Cyber security strategy overlooks maritime issues
A group of academics is arguing that the maritime sector has been overlooked in Australia’s cyber security policy development.
In an unpublished submission prepared for the federal government’s Australian Cyber Security Strategy consultation, the group from Griffith University and Queensland University of Technology say Australia should engage with the International Maritime Organisation.
The paper, a copy of which has been seen by iTnews, states that “Australia should take a leading role in the International Maritime Organisation (IMO) for the development of international law for enhancing maritime cyber security.”
One of the paper’s authors, Dr Simon McKenzie of Griffith University, told iTnews that “ports and offshore hydrocarbon infrastructures should be treated as critical infrastructure given their importance to the global economy.”
While Australia controls very few of its own vessels, “Australia is an IMO Council member as one of the 10 states with the largest interest in international seaborne trade, and it is has the legal, technical and diplomatic capacity to initiate proposals for negotiation at the IMO to develop of international law promoting maritime cyber security.”
McKenzie added: “The maritime sector poses complex legal challenges as the supporting cyber-infrastructure is located on land, on the offshore installations in the sea, and in space (for example, GPS satellites).”
The researchers note that, as with all other critical infrastructure sectors, maritime is experiencing growing volumes of cyber attacks.
For example, the submission references a January 2023 attack that brought down the servers of classification organisation DNV.
The January 7 attack brought down the company’s ShipManager servers, which provide fleet management for 70 customers, and wasn’t fully remediated until later that month.
As this QUT post noted, the pandemic was accompanied by a growth in attacks on the maritime sector.
The submission states that “there is an urgent need for an IMO initiative for further international legal development for enhancing maritime cybersecurity”.

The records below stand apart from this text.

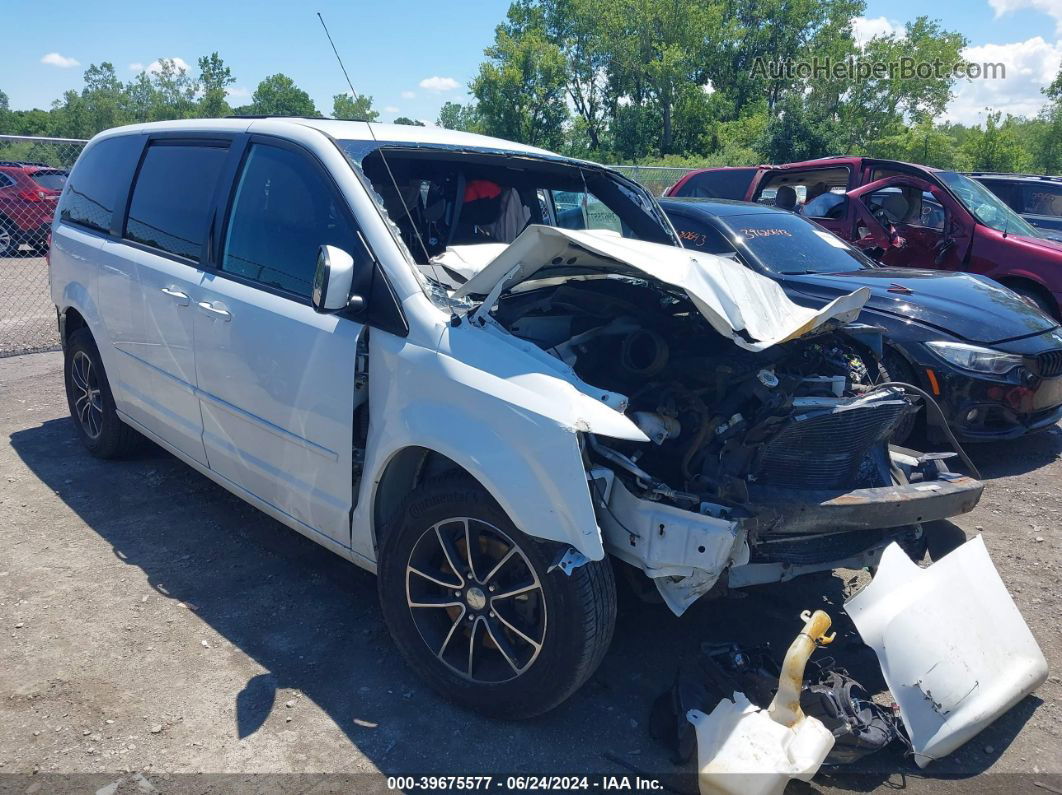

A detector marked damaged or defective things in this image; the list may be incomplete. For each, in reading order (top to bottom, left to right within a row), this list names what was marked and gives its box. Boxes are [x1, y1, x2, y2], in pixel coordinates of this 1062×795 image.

shattered windshield [335, 142, 675, 275]
shattered windshield [938, 170, 1036, 235]
detached white bumper cover [448, 221, 870, 348]
white crumpled hood panel [448, 221, 870, 348]
crumpled hood [448, 222, 870, 348]
crumpled hood [785, 268, 1057, 341]
damaged silver car [47, 119, 977, 717]
detached white bumper cover [845, 537, 1045, 764]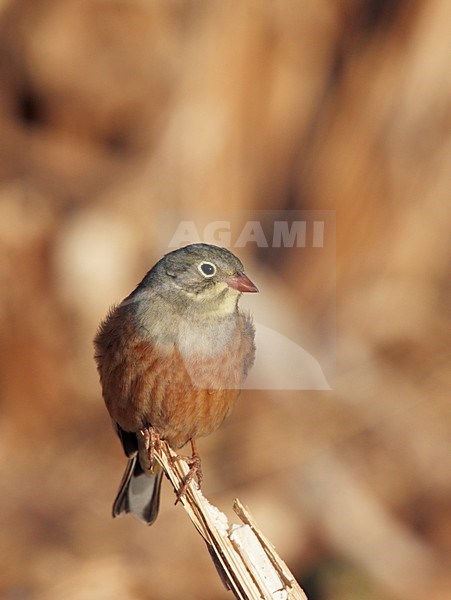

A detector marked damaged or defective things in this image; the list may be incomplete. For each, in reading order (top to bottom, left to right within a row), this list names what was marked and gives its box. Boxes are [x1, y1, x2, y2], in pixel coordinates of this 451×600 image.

splintered wood [138, 434, 308, 600]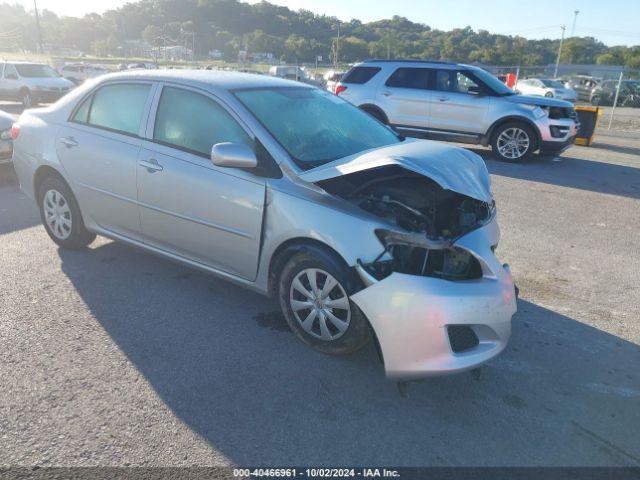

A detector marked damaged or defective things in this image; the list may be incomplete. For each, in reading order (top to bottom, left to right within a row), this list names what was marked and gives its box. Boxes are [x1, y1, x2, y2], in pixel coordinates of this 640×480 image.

damaged silver sedan [12, 70, 516, 378]
crumpled front bumper [352, 219, 516, 380]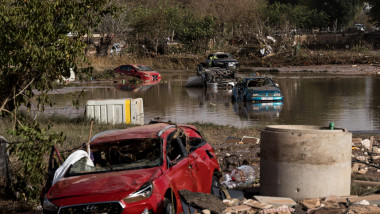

Governments also need to address “uncertainty about crucial legal issues including those related to sovereignty, jurisdiction, and the attribution of responsibility for non-state cyber actors,” the submission said.
“The cyber security strategy should recognise that strengthening maritime cyber security
requires a multi-faceted approach including security-by-design as self-regulation, coregulation at the national level, and cooperation to develop international law.”
The submission was co-authored by Dr McKenzie, Dr Samuli Haataja of Griffith University, and Dr Saiful Karim and Dr Michael Guihot of the Queensland University of Technology.